For me (because I can only speak for myself), every play is different and requires different ways to learn lines. Some come easily, some don't. Sometimes you get almost the whole play down in a couple of days, and weeks later you're still shaky on one scene, which you've been working on non-stop, after opening night. Every play now requires me to find THE way THESE lines for THIS character are going to stay in my head. Sometimes I absolutely HAVE to be looking into the eyes of the other actors to remember my lines, and if you asked me to do them elsewhere I couldn't. Sometimes looking at the other actors will make me go up completely. Sometimes the monologues in a script pop right into my head and I can't get the dialogue. Sometimes the reverse.

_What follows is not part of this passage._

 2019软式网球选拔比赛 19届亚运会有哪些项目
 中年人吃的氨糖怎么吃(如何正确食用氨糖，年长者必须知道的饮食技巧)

I used to think that what made it different each time was the playwright's language - that some writers had rhythms and patterns that were easier to get stuck (and that verse was easiest of all). The easiest time I ever had learning a part in the last 15 years was in Kirk Bromley's verse play The Burnt Woman of Harvard in 2001, where I would show up to the first rehearsal of every scene completely on-book and by the time we'd have run the scene four or five times I would be completely off-book (to my amazement), for that section for the rest of the rehearsal/performance process! I thought it was Bromley's verse, but when I did another verse play by Bromley a few months later, I was completely at sea and struggling with lines for the entire run.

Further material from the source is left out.